■ Records for the exercise
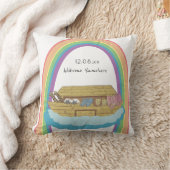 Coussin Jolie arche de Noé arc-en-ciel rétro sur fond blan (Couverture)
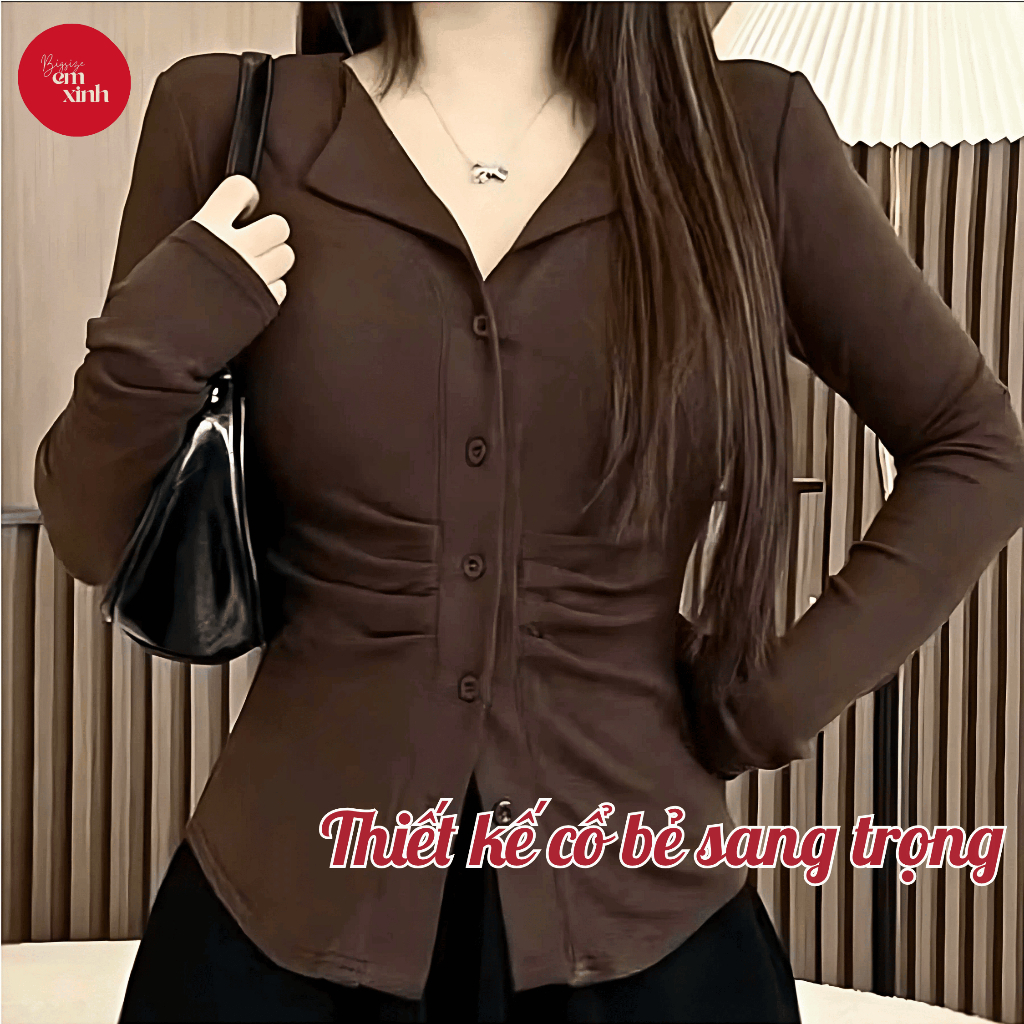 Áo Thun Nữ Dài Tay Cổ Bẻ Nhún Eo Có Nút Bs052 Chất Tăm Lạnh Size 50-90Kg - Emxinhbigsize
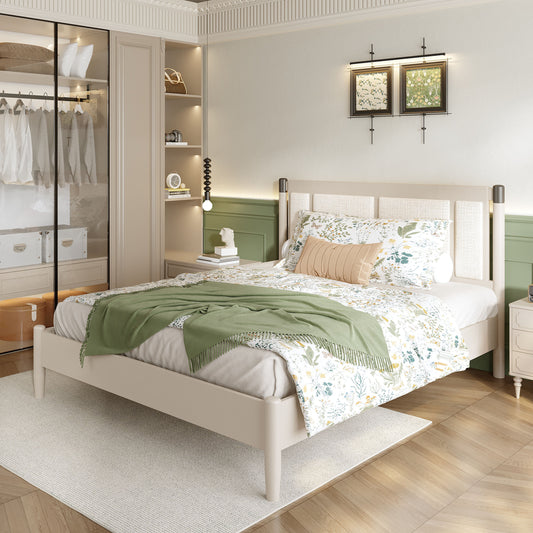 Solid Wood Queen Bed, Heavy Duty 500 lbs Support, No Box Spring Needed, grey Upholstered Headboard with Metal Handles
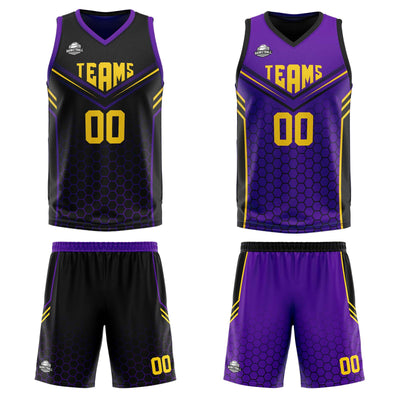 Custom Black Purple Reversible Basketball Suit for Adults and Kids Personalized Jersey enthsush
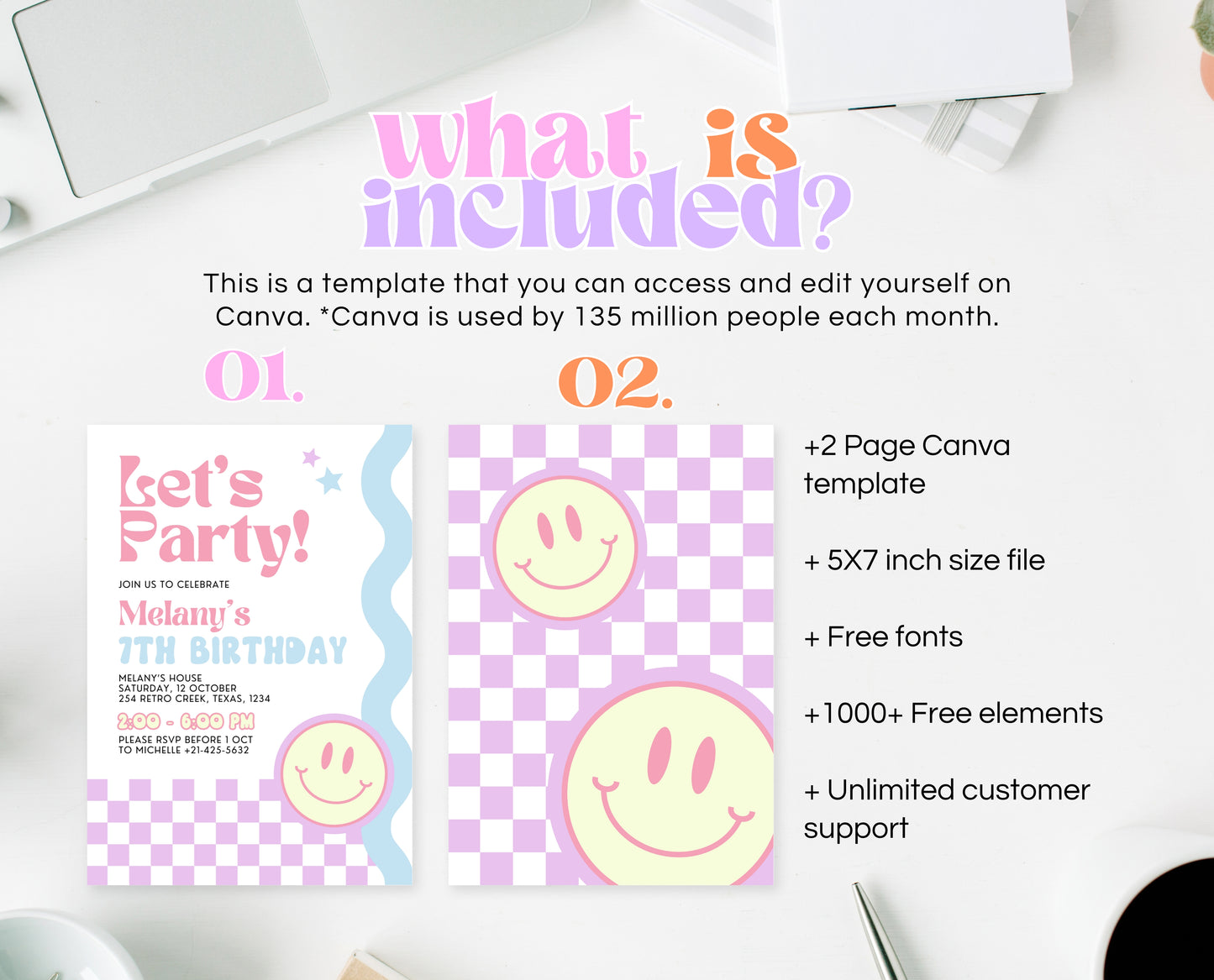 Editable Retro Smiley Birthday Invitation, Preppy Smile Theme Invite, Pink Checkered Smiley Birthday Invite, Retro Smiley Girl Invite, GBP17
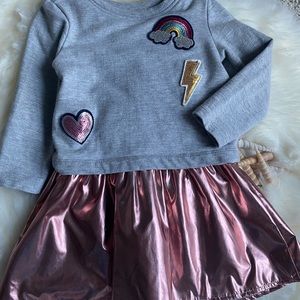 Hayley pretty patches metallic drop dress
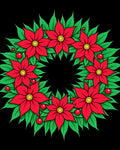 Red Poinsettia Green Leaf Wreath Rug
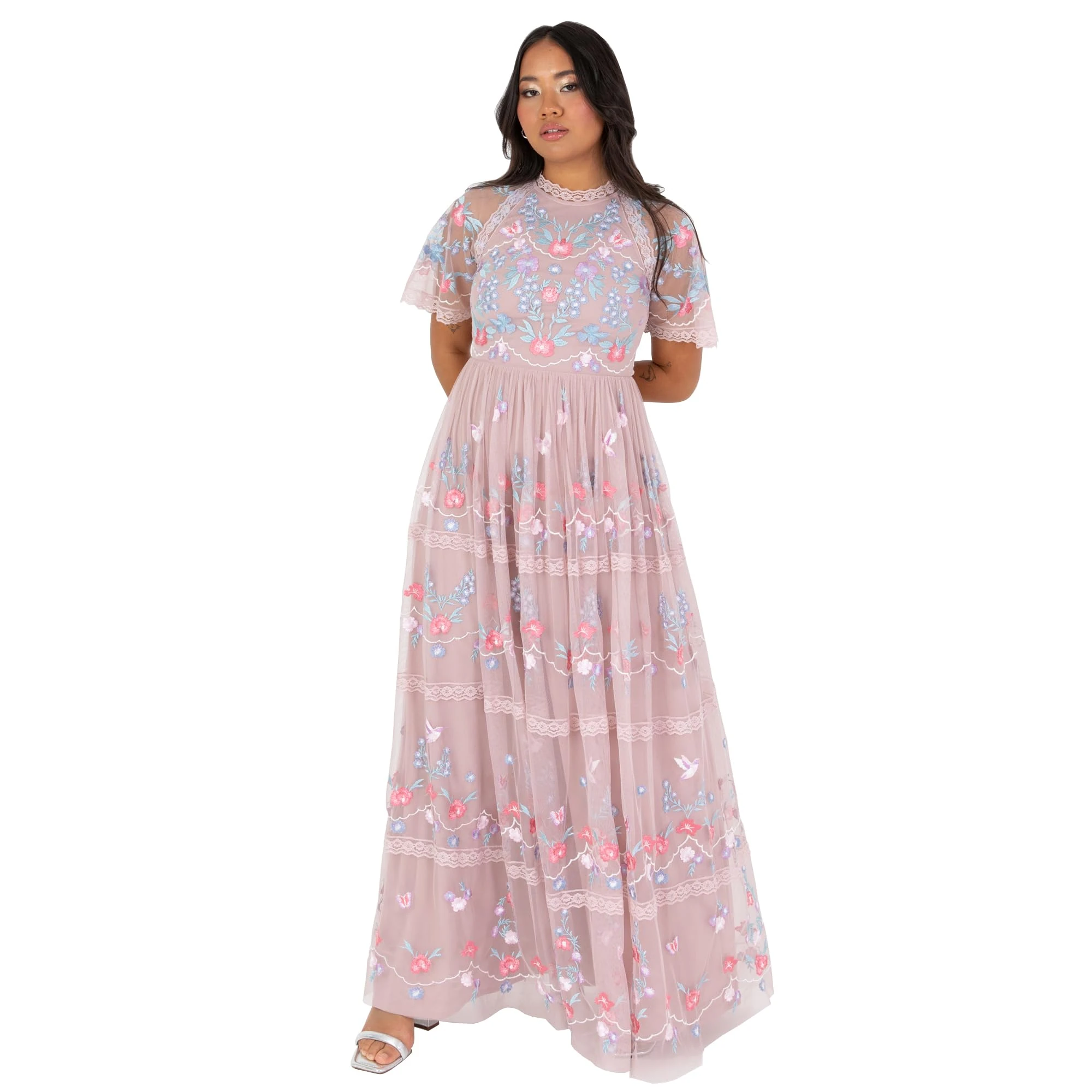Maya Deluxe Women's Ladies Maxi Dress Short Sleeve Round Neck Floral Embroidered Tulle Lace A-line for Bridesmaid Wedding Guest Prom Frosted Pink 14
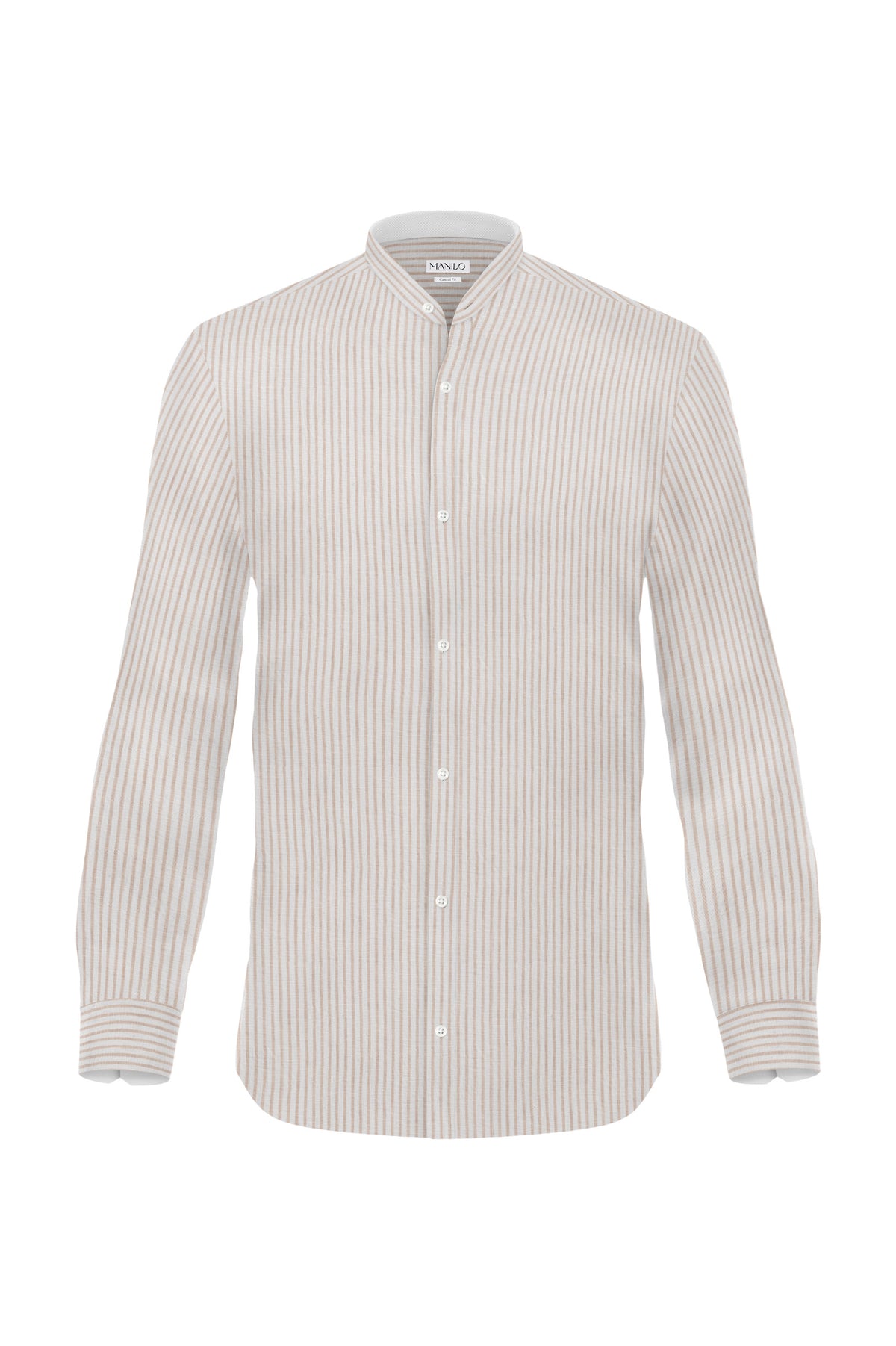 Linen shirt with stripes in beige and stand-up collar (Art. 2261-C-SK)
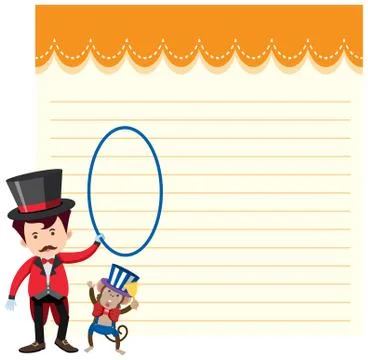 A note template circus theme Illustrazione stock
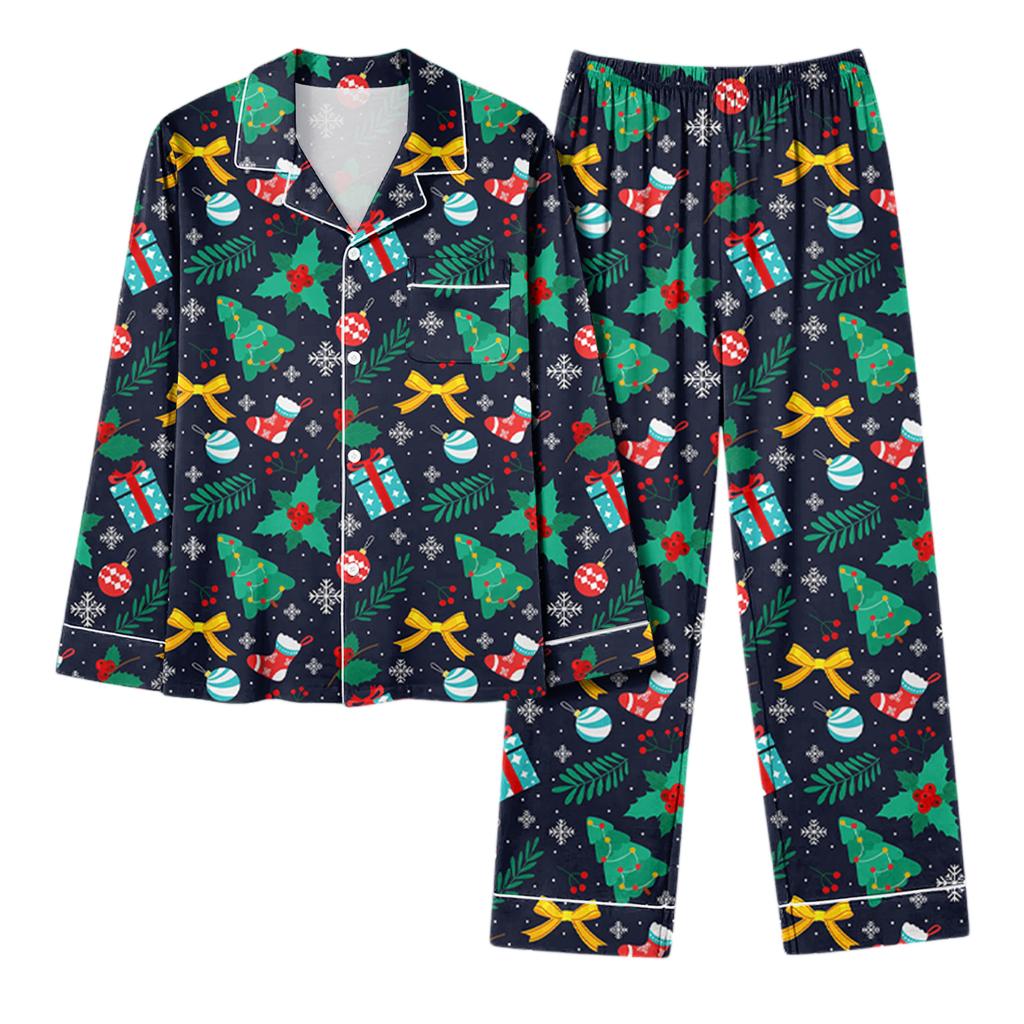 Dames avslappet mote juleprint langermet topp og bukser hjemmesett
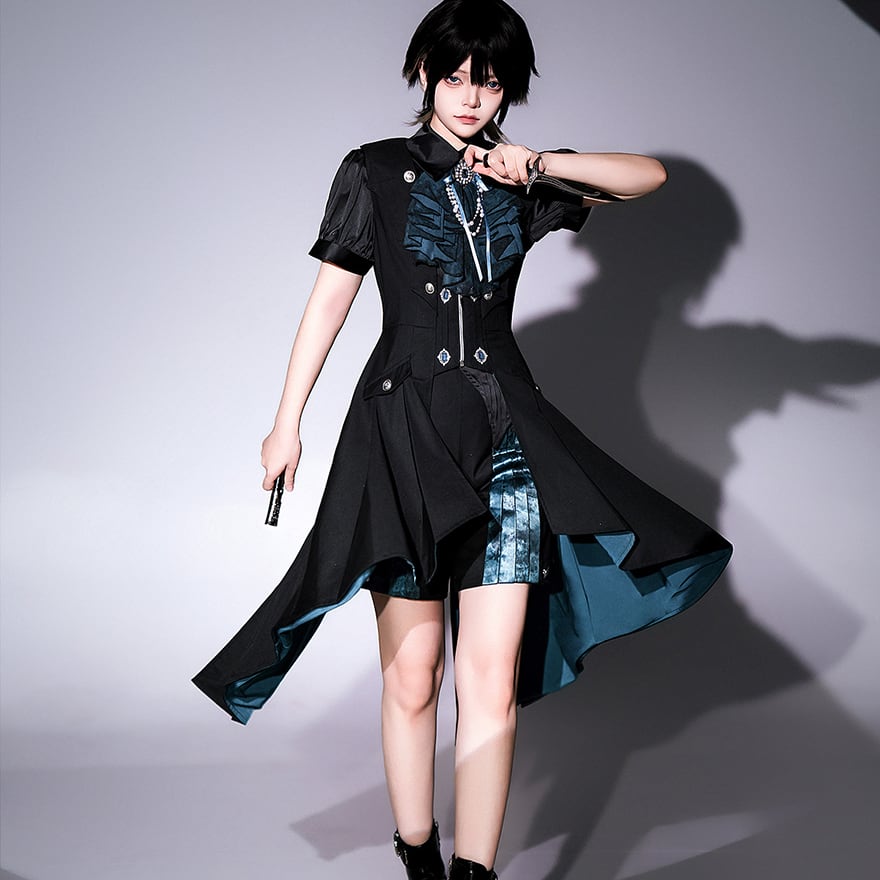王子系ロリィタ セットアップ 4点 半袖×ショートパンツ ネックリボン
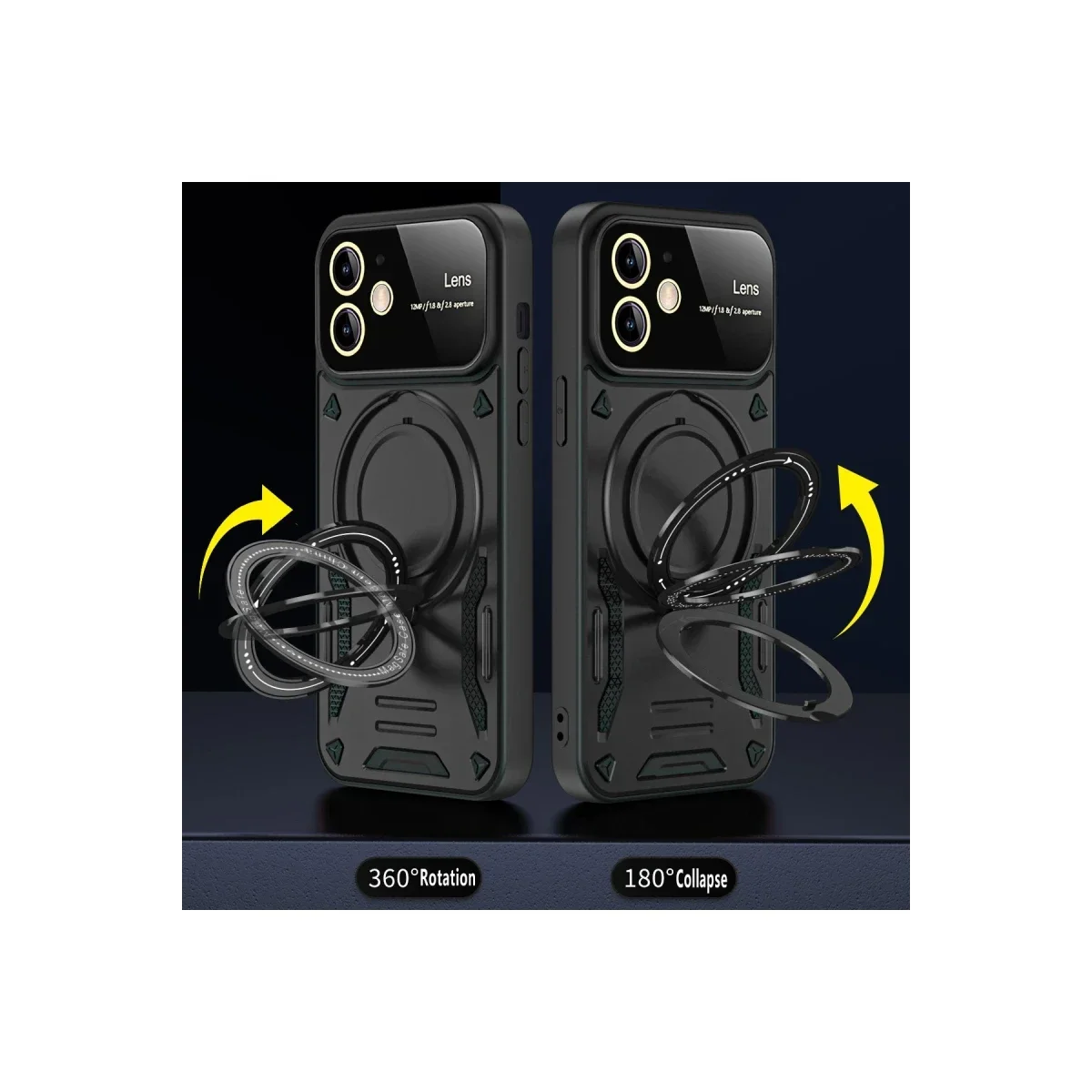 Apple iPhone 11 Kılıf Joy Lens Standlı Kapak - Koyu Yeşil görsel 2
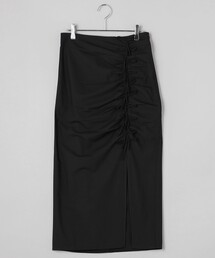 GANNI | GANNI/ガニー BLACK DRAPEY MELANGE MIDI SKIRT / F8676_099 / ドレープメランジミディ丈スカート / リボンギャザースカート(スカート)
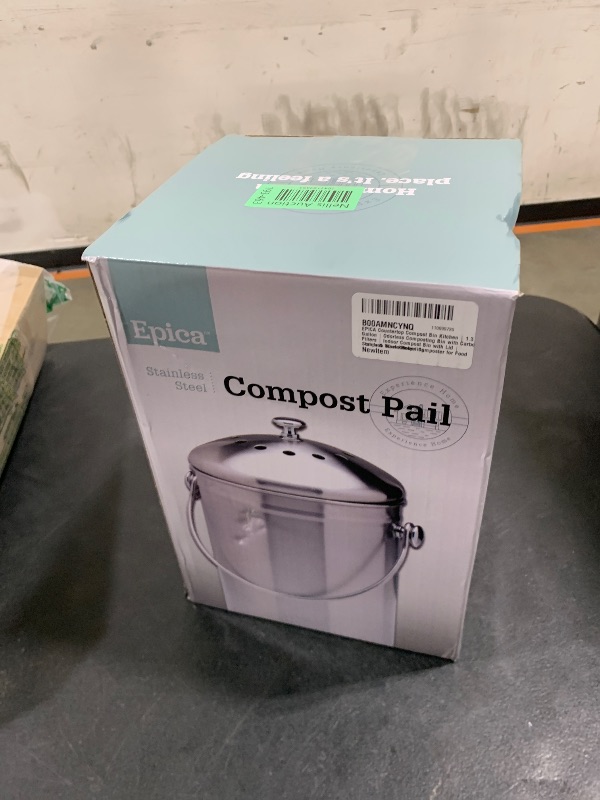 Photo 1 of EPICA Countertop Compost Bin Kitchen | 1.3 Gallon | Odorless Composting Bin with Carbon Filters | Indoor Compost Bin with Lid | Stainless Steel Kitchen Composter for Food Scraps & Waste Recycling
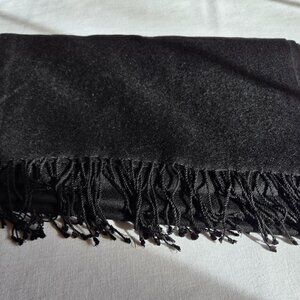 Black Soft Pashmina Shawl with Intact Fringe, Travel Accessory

■ The task
Output the data exactly, pictures omitted.

■ Written solution
 Coussin Jolie arche de Noé arc-en-ciel rétro sur fond blan (Couverture)
 Áo Thun Nữ Dài Tay Cổ Bẻ Nhún Eo Có Nút Bs052 Chất Tăm Lạnh Size 50-90Kg - Emxinhbigsize
 Solid Wood Queen Bed, Heavy Duty 500 lbs Support, No Box Spring Needed, grey Upholstered Headboard with Metal Handles
 Custom Black Purple Reversible Basketball Suit for Adults and Kids Personalized Jersey enthsush
 Editable Retro Smiley Birthday Invitation, Preppy Smile Theme Invite, Pink Checkered Smiley Birthday Invite, Retro Smiley Girl Invite, GBP17
 Hayley pretty patches metallic drop dress
 Red Poinsettia Green Leaf Wreath Rug
Maya Deluxe Women's Ladies Maxi Dress Short Sleeve Round Neck Floral Embroidered Tulle Lace A-line for Bridesmaid Wedding Guest Prom Frosted Pink 14
 Linen shirt with stripes in beige and stand-up collar (Art. 2261-C-SK)
 A note template circus theme Illustrazione stock
 Dames avslappet mote juleprint langermet topp og bukser hjemmesett
王子系ロリィタ セットアップ 4点 半袖×ショートパンツ ネックリボン
 Apple iPhone 11 Kılıf Joy Lens Standlı Kapak - Koyu Yeşil görsel 2
 GANNI | GANNI/ガニー BLACK DRAPEY MELANGE MIDI SKIRT / F8676_099 / ドレープメランジミディ丈スカート / リボンギャザースカート(スカート)
 Photo 1 of EPICA Countertop Compost Bin Kitchen | 1.3 Gallon | Odorless Composting Bin with Carbon Filters | Indoor Compost Bin with Lid | Stainless Steel Kitchen Composter for Food Scraps & Waste Recycling
 Black Soft Pashmina Shawl with Intact Fringe, Travel Accessory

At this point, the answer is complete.